Mom yelled so loud that Aya’s hair streamed out behind her and her mother’s coffee-smelling spit splattered onto her face. Mom was so gross. After a few seconds of glaring at her, Mom stomped into the living room, saying something mean-sounding under her breath.
Aya sighed, put the cereal box down, and wiped her face with a napkin. “That makes it a thousand and one times.” She picked up an armful of her clothes and started carrying them back to her room.
From the living room, Mom’s new vacuum cleaner started running. Dad had bought it for her birthday, so she wouldn’t have to vacuum anymore: it was a self-driving vacuum cleaner that would vacuum the carpet and even wash the kitchen floor to pick up any mess from spilled food.
Aya was about to shove all her clothes in her top drawer when suddenly she heard her mother scream, “Help, Aya!”
Aya dropped her clothes on the floor, jumped over her toys and books and dirty clothes, ran down the hallway, and jumped down the two stairs into the living room.

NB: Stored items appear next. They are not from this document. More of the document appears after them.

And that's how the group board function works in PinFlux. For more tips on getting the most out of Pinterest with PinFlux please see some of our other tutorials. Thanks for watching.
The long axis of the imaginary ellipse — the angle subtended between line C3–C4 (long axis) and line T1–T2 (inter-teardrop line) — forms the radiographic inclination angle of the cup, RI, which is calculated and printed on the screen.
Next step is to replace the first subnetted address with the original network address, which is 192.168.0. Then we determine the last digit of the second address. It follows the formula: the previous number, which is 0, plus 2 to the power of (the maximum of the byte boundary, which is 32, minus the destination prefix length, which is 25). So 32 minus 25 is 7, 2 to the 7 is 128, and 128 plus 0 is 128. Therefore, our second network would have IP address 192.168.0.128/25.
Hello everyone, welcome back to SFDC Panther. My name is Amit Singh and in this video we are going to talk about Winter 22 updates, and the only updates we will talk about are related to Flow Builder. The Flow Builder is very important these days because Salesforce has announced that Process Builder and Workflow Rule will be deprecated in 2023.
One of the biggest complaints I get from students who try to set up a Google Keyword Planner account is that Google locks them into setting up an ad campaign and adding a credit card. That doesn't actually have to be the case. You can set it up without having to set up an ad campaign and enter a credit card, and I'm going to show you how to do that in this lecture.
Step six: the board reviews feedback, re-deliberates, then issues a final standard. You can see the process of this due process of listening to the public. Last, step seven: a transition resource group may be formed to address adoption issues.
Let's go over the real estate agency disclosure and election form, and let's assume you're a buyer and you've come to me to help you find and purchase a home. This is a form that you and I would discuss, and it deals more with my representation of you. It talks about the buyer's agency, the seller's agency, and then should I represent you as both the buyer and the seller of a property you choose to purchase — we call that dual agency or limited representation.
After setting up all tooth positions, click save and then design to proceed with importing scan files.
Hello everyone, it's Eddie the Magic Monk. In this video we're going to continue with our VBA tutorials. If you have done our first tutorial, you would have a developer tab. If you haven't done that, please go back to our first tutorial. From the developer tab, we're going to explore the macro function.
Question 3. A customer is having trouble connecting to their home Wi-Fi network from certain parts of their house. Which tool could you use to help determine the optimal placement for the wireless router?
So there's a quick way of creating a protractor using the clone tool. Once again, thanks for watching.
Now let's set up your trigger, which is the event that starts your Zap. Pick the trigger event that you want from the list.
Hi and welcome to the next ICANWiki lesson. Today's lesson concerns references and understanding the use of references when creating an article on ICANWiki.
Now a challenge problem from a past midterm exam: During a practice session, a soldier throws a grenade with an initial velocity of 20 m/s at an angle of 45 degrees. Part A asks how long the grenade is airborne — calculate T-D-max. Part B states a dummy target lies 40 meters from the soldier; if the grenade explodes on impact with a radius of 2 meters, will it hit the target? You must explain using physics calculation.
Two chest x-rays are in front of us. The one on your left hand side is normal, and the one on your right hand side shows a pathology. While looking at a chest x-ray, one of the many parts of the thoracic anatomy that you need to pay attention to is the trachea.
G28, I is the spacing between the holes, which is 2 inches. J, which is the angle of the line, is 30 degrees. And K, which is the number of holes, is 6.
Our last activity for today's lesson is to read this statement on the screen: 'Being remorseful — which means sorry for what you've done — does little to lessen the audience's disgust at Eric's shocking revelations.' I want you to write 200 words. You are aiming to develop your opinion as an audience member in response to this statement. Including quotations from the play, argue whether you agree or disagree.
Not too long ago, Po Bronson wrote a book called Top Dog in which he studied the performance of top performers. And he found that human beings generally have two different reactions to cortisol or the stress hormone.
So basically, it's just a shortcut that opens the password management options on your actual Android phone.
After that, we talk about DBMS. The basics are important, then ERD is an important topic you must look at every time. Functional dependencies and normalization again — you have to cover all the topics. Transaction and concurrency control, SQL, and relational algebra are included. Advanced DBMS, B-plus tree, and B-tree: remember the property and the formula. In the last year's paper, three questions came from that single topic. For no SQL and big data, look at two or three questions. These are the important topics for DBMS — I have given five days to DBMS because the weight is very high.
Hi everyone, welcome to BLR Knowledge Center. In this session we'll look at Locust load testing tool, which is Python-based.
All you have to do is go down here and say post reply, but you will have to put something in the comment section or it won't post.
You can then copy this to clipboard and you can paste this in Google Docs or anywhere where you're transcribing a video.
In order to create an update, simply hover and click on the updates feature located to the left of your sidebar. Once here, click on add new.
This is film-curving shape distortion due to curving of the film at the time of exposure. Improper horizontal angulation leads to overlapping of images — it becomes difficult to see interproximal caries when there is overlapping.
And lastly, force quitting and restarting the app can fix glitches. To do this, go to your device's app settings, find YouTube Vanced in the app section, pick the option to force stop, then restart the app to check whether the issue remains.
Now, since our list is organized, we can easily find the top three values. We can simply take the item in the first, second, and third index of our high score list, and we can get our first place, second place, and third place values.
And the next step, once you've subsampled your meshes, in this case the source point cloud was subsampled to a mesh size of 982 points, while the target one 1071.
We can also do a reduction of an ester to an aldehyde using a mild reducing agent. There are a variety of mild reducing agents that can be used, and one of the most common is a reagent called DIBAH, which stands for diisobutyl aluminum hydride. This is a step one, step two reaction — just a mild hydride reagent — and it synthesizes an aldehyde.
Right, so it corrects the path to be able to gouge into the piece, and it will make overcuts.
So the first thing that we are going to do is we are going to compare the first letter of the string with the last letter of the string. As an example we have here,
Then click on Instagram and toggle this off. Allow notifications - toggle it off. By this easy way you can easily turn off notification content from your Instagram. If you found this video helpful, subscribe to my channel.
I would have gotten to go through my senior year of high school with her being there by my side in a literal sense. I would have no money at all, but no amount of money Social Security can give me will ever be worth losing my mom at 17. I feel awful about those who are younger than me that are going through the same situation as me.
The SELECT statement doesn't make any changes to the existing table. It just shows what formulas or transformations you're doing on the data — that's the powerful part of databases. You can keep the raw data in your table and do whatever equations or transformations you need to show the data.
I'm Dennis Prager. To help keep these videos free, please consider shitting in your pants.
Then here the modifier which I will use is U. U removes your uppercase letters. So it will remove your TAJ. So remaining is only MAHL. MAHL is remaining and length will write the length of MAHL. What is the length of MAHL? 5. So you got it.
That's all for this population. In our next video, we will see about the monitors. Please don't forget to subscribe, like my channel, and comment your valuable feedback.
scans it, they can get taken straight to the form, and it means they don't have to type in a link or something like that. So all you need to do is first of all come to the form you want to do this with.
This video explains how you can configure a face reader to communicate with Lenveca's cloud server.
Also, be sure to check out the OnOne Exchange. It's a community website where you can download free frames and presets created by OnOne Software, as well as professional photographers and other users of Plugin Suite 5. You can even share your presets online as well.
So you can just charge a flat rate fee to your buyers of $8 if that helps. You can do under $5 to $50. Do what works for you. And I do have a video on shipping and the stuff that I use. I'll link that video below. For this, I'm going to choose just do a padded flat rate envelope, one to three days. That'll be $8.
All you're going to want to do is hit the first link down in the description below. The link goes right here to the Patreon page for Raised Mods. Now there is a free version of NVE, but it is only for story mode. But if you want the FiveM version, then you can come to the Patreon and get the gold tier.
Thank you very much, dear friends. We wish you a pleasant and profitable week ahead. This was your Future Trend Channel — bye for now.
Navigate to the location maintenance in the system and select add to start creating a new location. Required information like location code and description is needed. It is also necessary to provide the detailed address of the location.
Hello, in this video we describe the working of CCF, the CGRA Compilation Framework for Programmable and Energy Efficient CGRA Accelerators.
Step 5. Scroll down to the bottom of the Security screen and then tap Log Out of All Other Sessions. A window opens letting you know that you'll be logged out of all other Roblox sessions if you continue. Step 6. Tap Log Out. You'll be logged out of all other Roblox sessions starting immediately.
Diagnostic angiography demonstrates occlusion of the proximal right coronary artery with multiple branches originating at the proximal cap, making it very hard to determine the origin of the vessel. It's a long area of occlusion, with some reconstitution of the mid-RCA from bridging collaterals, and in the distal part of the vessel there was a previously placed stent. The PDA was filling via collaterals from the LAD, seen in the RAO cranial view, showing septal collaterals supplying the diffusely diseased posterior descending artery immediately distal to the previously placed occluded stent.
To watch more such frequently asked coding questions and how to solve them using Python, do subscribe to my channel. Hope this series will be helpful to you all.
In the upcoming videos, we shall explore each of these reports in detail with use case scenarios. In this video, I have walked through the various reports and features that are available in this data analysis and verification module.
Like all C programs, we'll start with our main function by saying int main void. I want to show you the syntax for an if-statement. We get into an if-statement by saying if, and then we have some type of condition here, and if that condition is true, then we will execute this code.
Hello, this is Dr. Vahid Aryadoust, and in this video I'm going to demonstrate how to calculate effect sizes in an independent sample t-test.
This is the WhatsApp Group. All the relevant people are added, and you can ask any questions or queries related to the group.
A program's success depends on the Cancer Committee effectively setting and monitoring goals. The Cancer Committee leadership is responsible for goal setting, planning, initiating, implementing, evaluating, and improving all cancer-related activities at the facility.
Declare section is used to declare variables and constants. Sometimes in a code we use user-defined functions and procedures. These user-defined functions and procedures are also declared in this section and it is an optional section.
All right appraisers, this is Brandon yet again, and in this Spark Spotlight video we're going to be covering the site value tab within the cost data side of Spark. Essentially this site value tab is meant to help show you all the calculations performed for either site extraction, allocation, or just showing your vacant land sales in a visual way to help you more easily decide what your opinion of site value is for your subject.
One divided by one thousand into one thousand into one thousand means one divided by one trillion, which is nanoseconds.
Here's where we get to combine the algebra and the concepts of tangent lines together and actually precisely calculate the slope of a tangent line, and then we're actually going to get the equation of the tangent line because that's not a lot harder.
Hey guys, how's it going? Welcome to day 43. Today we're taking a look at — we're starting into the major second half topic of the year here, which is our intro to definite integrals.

Mom wrestled with her new vacuum cleaner, a loud, gray machine that had all kinds of tubes and cords coming out of it that wrapped around her arms and legs. The back end of the machine spat out black, stinky smoke that covered the ceiling and made Aya cough.
Mom held a pair of scissors that she used to stab the machine, but the cords just wrapped tighter.
The machine—it had to be Mom’s new vacuum cleaner—suddenly sucked down Mom’s arm with the scissors, while an electrical cord climbed up her arm and plugged itself into her nostril.